There's just one problem, however. Why didn't the Mad Hatter just kill Batman? Or at the very least imprison him so that he won't immediately capture you after he wakes up? You've somehow managed to, by an extreme twist of luck, to get a jump on Batman, but instead of finishing him off or tying him up, you take him directly into your headquarters into an overly elaborate dream machine which appears you have to monitor constantly. Just throw him off a bridge or something! The Man Hatter's entire motivation, he claims was to trap Batman in a dream world so as to incapacitate him forever. You mean like, I don't know, putting a bullet in his head?

In addition to not killing or tying him down, the Mad Hatter never even bothered to TAKE OFF BATMAN'S MASK! You'd think the closely held secret identity of Batman would be something of interest to any one of this villains. There was even an episode where someone found out and attempted to auction it off to the Joker, Penguin, and Two-Face ("The Strange Secret of Bruce Wayne"). However, the Mad Hatter is not concerned with such petty matters. Even assuming some sort of thieves honor in not removing the mask, wouldn't you think from a purely practical standpoint, that the dream machine's mind controlling helmet would fit and work better if there wasn't a big Bat mask to get in the way?

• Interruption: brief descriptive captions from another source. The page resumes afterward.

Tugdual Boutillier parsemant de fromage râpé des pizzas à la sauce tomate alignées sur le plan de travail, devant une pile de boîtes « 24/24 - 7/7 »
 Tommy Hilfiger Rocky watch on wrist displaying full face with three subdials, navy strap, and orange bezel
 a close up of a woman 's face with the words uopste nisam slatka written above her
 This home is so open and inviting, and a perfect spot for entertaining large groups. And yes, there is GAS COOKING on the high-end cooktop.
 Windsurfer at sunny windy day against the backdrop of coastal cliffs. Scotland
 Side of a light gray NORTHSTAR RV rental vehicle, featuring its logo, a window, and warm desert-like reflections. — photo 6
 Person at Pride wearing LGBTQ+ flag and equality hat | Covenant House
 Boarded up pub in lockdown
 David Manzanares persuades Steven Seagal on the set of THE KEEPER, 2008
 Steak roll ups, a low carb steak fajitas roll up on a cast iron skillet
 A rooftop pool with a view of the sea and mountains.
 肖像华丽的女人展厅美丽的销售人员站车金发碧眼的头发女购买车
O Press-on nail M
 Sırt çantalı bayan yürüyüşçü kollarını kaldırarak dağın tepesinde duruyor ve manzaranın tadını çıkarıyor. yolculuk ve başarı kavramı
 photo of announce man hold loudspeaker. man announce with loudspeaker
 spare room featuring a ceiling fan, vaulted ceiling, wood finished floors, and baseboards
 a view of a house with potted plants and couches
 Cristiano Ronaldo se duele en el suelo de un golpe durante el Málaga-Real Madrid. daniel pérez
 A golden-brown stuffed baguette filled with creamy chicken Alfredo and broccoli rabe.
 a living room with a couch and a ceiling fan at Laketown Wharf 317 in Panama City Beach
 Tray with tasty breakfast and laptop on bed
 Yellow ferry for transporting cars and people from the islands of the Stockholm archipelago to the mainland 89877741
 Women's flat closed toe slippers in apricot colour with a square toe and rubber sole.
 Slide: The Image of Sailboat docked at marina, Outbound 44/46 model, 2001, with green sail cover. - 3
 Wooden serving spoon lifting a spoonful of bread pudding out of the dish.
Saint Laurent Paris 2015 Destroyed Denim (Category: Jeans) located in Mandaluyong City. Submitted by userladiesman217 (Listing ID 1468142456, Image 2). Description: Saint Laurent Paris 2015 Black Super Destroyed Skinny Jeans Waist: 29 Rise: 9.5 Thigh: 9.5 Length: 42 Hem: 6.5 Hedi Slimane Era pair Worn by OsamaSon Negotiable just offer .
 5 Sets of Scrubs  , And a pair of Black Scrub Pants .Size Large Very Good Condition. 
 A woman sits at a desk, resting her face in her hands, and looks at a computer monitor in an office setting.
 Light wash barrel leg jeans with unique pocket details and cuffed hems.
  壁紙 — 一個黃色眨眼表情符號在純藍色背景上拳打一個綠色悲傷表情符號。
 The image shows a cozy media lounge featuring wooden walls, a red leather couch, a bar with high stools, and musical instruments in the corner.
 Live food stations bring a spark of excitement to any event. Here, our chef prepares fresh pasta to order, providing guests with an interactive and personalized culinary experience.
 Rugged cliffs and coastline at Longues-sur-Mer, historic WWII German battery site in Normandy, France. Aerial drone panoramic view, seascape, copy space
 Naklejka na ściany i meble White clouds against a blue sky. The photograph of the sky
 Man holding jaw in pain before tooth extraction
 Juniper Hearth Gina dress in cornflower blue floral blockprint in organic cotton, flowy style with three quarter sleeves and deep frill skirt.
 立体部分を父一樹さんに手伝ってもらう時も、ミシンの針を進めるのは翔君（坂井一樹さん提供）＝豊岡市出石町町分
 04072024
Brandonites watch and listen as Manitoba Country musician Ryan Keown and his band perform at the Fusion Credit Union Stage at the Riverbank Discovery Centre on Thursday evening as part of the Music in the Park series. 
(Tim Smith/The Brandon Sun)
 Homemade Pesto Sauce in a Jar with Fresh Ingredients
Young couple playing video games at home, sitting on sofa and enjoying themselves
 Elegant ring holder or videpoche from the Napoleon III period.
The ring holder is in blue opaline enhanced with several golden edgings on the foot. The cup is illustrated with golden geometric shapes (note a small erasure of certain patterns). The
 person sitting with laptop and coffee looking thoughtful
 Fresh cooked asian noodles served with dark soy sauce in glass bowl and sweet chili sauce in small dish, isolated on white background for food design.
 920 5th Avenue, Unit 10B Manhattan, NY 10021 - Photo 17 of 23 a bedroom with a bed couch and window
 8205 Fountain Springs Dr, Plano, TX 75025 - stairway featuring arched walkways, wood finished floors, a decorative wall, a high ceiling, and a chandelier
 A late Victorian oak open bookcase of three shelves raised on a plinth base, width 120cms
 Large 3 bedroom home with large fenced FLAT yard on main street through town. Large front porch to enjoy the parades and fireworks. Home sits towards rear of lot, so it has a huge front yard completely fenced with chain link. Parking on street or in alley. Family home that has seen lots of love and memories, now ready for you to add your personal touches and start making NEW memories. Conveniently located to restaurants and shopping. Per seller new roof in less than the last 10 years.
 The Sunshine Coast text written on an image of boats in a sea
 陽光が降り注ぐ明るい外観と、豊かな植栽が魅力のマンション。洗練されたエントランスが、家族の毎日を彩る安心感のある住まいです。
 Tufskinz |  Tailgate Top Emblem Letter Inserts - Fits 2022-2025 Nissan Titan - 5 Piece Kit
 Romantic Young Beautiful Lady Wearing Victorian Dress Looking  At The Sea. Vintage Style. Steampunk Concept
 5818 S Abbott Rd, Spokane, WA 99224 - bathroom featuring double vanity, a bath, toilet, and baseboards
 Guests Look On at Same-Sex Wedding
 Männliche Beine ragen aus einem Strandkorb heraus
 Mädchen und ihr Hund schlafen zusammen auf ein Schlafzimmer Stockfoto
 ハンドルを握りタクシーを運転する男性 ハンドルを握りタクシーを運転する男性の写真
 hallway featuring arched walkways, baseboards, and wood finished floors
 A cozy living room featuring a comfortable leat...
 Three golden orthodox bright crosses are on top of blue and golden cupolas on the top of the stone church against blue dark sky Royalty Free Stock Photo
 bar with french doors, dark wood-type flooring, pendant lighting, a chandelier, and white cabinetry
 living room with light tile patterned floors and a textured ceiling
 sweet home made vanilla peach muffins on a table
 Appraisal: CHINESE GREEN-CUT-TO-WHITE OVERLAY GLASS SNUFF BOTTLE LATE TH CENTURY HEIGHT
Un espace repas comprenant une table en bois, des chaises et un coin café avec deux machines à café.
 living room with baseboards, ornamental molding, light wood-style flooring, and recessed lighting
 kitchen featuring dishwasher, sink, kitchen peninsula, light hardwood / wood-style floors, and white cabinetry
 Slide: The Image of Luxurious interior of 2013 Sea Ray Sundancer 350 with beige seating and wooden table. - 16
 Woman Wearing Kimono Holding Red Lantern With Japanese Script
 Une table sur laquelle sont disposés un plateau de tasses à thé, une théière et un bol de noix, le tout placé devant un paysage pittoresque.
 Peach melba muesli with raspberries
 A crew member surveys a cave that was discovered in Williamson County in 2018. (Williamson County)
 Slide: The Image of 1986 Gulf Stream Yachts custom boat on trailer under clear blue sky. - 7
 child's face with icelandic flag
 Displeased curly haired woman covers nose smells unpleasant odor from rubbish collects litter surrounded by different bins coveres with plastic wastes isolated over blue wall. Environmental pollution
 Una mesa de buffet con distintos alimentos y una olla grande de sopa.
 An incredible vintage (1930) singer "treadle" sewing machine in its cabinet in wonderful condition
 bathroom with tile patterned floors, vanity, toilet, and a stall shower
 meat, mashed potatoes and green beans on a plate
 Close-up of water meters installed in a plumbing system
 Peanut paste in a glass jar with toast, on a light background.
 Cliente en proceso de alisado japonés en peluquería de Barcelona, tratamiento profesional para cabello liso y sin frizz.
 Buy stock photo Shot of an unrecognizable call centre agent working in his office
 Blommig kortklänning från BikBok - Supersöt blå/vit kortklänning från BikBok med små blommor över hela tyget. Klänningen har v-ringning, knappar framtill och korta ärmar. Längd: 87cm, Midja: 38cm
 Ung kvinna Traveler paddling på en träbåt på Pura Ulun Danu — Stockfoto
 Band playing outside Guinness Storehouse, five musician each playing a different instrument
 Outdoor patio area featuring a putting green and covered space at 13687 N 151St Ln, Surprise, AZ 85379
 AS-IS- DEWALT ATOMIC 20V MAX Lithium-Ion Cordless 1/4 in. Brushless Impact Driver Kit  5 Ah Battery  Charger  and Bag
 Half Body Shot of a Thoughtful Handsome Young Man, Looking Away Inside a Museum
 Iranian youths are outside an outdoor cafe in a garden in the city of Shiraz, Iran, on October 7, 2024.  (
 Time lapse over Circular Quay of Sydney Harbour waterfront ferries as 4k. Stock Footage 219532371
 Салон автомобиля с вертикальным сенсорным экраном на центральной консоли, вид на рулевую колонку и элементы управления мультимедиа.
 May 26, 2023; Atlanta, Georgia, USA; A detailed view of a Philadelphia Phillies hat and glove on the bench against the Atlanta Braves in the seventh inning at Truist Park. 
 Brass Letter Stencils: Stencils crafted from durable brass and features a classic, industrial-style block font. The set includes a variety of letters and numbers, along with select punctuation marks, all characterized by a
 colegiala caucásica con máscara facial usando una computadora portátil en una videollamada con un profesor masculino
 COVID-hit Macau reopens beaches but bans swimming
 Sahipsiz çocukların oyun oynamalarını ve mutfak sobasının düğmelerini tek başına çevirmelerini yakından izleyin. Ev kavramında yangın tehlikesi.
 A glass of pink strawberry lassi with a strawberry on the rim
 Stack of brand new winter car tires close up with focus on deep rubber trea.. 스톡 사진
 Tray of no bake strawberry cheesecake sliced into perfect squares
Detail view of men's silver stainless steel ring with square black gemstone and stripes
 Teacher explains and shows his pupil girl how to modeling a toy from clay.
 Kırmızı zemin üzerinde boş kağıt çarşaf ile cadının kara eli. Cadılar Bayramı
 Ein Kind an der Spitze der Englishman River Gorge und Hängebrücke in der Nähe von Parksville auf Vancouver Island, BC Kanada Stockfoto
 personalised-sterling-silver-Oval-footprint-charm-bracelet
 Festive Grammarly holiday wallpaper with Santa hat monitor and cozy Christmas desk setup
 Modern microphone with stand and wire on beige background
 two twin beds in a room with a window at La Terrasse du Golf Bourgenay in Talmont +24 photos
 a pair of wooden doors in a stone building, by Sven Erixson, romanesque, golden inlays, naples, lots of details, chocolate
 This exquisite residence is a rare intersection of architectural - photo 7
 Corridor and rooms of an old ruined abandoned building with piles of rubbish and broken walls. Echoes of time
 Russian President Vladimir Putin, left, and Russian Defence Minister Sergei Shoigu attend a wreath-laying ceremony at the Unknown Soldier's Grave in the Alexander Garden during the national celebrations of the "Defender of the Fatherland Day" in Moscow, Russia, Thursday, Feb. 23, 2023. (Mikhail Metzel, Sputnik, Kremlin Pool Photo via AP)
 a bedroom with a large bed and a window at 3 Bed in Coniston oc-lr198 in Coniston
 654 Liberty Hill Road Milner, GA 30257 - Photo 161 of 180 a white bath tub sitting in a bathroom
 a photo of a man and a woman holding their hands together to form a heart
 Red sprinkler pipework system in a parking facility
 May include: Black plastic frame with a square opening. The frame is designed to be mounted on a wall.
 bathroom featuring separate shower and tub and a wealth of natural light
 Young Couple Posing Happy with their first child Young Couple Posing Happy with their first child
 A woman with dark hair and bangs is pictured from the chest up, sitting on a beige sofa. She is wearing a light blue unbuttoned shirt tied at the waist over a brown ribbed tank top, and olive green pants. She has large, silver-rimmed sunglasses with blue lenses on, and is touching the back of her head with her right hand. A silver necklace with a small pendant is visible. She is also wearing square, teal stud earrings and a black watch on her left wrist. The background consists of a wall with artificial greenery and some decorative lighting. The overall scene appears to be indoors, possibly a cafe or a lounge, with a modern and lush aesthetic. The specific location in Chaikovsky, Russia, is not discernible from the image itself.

I guess that's why they call him "Mad".

As great as Batman is, he has by far one of the easiest rogue's galleries in comicdom. The lot of them are usually just crazed, non-powered humans, with easily exploitable crippling psychological obsessions (plants, jokes, coinflipping). You know what would happen if Batman and Superman decided to trade cities? Superman would throw every villain in Gotham into the sun and Batman would be dead in a week. Imagine them talking shop before hand?:

Superman: Watch out for Darkseid, the immortal, god-like tyrant of his own planet with his own personal space armada.
Batman: Be careful with Two-Face...he's got two faces...

It's obviously two different worlds so comparing them is just a futile exercise. In the end, Batman is Batman and Superman is Superman; and it's the reltable humanness of Batman stories that make it far superior to the overpowered spectacle of Superman. However, as to the Mad Hatter's actions in that particular episode, all I have to say is "J'Accuse!"

1 comment:

  1. You know, there's an episode of Lois & Clark, "Virtually Destroyed," where the two are trapped inside Lex Luthor's son's virtual reality machine. He, however, is also an idiot and only uses the opportunity to try and extract info about his daddy from Lois, and also to ogle her assets. There's a comical moment where he punches Clark's VR-engrossed body and a foley CLANG! follows. Hilarious.